La Mort De Staline

Armando Lannucci, après avoir consacré un film à l’invasion irakienne (In The Loop, 2009) et une série aux coulisses du 10 Downing Street (The thick of it, 2005) cherche un dictateur à passer à la moulinette de la comédie britannique. Embarras du choix. C’est finalement la société de production « Quad » qui vient lui proposer de réaliser l’adaptation d’une bande-dessinée française écrite par Thierry Robin et Fabien Nury, La Mort De Staline. Le réalisateur est conquis tant que toute l’absurdité du totalitarisme est là, dans ce qu’il a de plus horrible mais aussi de plus grotesque, et Lannucci réussit le pari de maintenir ces deux pôles en équilibre durant toute la durée du film. Petit problème, le long métrage anglais a été interdit en Russie. De plus la sortie du film était prévue durant les élections présidentielles Russes 2018. Quelles coïncidences !

Une histoire inspirée de faits réels

Aussi impressionnant que tout cela puisse paraître, la grande majorité des situations décrites sont bel et biens réelles ; de la mise en scène aux dialogues, Armando Iannucci ne fait que mettre sous nos yeux tout ce que le stalinisme portait en lui de non-sens. Staline aurait ainsi peut-être survécu si ce n’était la terreur qu’il avait lui-même instauré comme système politique. Au moment où le tyran s’effondre, aucun des deux gardes postés de l’autre côté de la porte n’ose entrer dans la pièce de peur d’être fusillé. Tous les médecins qui auraient pu le sauver ont été envoyés au goulag et le respirateur qui aurait pu l’aider n’a pas été employé car il est de facture américaine. Staline mort est aussi encombrant que Staline vivant : il n’est qu’à voir la scène burlesque qui voit les membres du Politburo déplacer son corps vers son lit. Et la volonté de liquider toute trace dans la datcha où il est mort va de pair avec la persistance des vieilles habitudes politiques. Si chacun (Malenkov, Beria, Khrouchtchev) tente de récupérer l’héritage spirituel du Secrétaire Général tout en le reniant, tout en le faisant sien, tout en le questionnant etc… le corps du dictateur n’est plus qu’une dépouille que plus personne ne respecte. Baignant dans sa propre urine, dépouille exposée dans une cérémonie funéraire qui a tout d’une mascarade, cadavre autour duquel tout le monde complote ouvertement. Le film n’a de cesse de ramener Le Petit Père Des Peuples à ce qu’il était : un mortel aussi petit que sa folie était grande.
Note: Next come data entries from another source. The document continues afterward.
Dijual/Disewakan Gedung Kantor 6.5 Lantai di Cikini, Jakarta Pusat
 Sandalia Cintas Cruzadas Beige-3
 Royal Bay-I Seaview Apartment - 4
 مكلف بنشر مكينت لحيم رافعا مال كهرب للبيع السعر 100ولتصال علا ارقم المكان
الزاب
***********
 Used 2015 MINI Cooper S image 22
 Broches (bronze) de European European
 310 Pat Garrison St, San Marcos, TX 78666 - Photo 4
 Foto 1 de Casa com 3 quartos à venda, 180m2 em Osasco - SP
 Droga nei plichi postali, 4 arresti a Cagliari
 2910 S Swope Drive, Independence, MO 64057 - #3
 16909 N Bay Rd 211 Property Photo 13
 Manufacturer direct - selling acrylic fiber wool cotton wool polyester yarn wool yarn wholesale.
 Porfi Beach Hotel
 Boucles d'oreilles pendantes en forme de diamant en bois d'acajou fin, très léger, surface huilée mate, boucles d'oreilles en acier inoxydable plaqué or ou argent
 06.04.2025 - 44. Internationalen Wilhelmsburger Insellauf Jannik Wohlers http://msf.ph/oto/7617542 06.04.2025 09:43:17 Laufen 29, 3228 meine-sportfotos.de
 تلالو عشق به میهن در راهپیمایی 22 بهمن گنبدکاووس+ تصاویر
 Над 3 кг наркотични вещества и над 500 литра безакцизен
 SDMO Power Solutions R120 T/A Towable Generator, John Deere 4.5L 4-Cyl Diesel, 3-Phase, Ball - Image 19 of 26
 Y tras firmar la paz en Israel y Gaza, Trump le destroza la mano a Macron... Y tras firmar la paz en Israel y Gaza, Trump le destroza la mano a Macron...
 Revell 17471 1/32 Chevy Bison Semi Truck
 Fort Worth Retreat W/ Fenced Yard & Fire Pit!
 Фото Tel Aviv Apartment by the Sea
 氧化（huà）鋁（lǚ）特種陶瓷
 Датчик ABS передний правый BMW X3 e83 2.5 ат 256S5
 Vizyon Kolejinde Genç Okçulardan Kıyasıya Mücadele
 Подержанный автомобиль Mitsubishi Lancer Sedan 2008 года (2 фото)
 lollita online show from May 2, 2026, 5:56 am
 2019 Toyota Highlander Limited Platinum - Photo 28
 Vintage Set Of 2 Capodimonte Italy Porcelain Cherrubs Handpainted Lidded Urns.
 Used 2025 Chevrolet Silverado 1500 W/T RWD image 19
Entre la caricature risible et l’humour noir

Alors mieux vaut-t-il d’en rire qu’en pleurer ? Pas tout à fait, mais les éclats de rire que provoque le film donnent la mesure de la crainte immense ressentie par un pays entier. Le réalisateur n’oublie pas que la farce burlesque, pour être complète, ne doit pas oublier l’horreur que chaque comportement grotesque sous-tend. L’ambition de Lavrentis Beria est risible et terrible, puisque celui qui apparaît comme une espèce d’arriviste est aussi le chef du NKVD chargé de liquider les personnes suspectées de trahison. Le rire n’atténue jamais la cruelle réalité de cette dictature, il ne la rend bien au contraire que plus violente, et cet équilibre entre rire et tragédie est à porter au crédit du scénario bien sûr, ainsi que du casting qui le porte. Steve Buscemi interprète un Nikita Khrouchtchev sournois à souhait, bouffon du roi, qui se dévoile plus retors et sournois que ses collègues perdus depuis la mort de leur guide. Il faut que tout change pour que rien ne change, et les pseudos réformateurs ont tôt fait de devenir les nouveaux conservateurs.